If zombies seem infinitely spongy as functional allegories, it’s their non-hierarchic function that retains the kernel of their monstrousness.

The 20 Best Zombie Movies of All Time
Photo: Well Go USA

Zombie movies not only endure, but persist at the height of their popularity, neck and neck with vampire stories in a cultural race to the bottom, their respective “twists” on generic boilerplate masking a dead-eyed derivativeness. For the zombie film (or comic book, or cable TV drama), that boilerplate was struck by George A. Romero’s Night of the Living Dead, and its subsequent sequels established a loose conception of the undead threat: lumbering, beholden to no centralized authority, sensitive to headshots and decapitations.

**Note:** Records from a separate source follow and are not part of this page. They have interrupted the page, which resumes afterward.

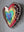 Side view of a heart shaped mosaic art piece with a rainbow pattern.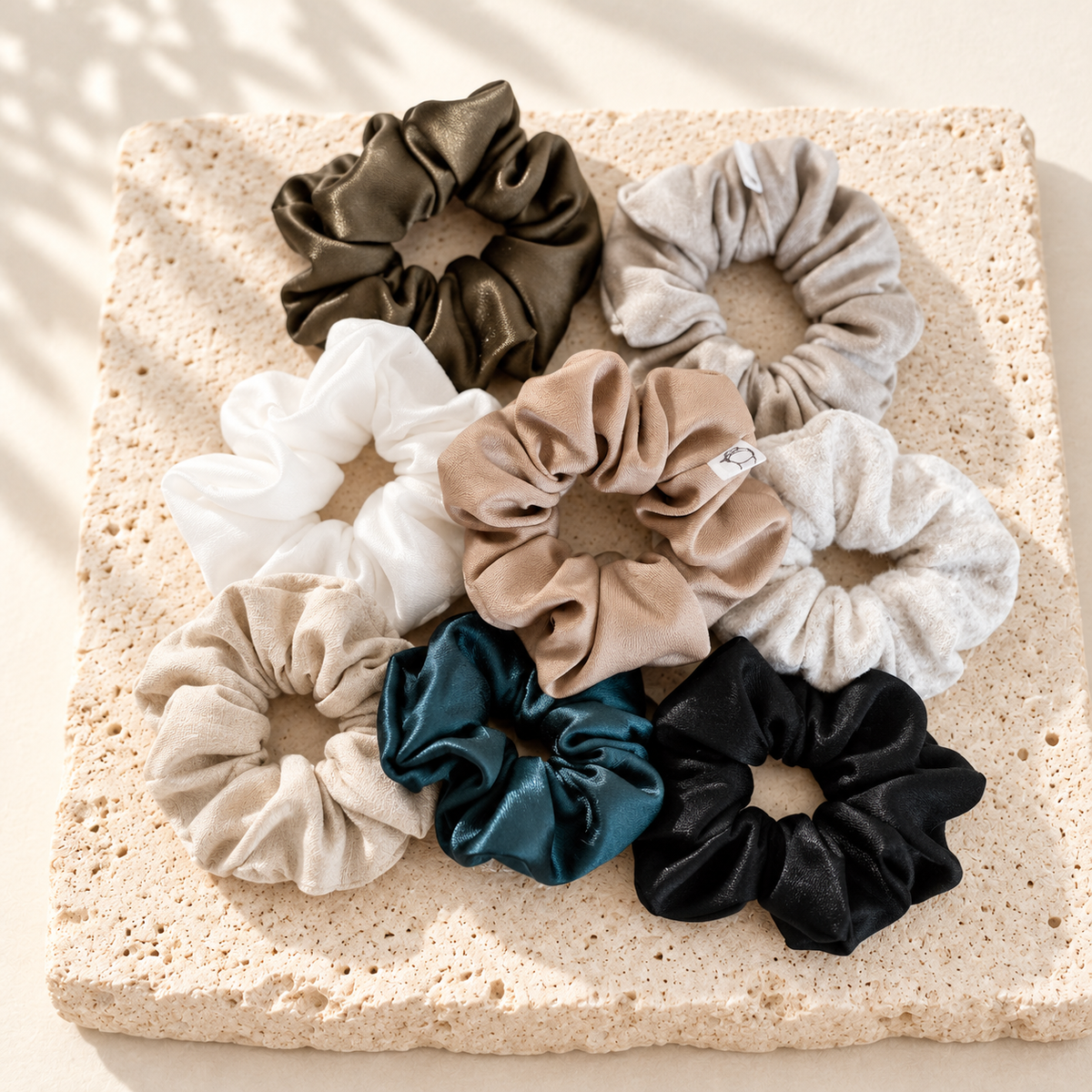 Assortiment de scrunchies en tissus et couleurs variés, posés sur du travertin clair.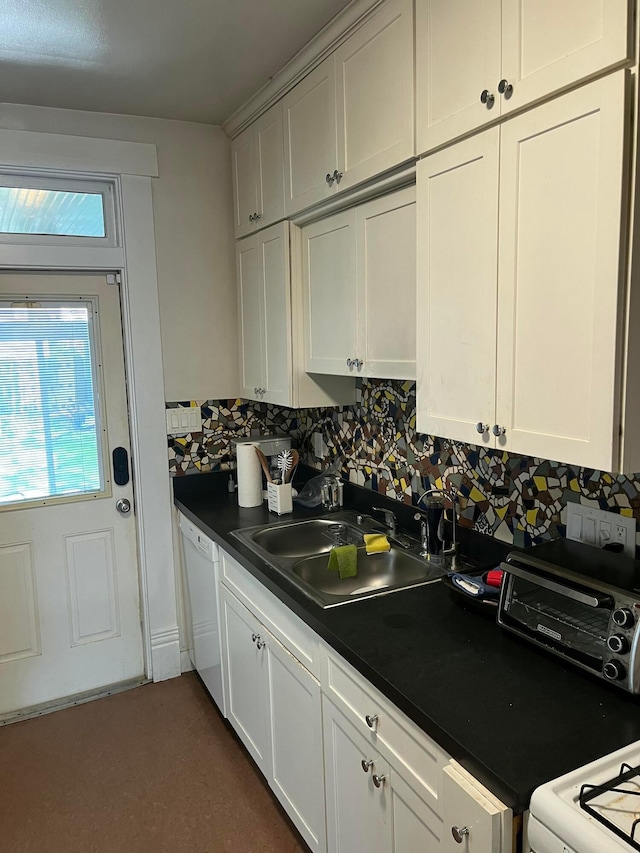 170 E Maynard Ave, Columbus, OH 43202 - kitchen featuring a sink, dishwasher, tasteful backsplash, dark countertops, and white cabinetry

If, according to Franco Moretti’s “The Dialectic of Fear,” the vampiric threat (at least as embodied in Count Dracula) operates chiefly as a metaphor for monopoly capital, binding those English bourgeois interlopers to his spell and extracting the blood of their industry, then the zombie poses a more anarchic, horizontalized threat. In post-Romero, hyper-allegorized zombie cinema, the hulking undead mass can be generally understood as the anti-Draculean annihilation of capital. Flesh and blood are acquired but not retained; civilization is destroyed but not remodeled. If zombies seem infinitely spongy as functional allegories for this or that, it’s their non-hierarchic function that retains the kernel of their monstrousness.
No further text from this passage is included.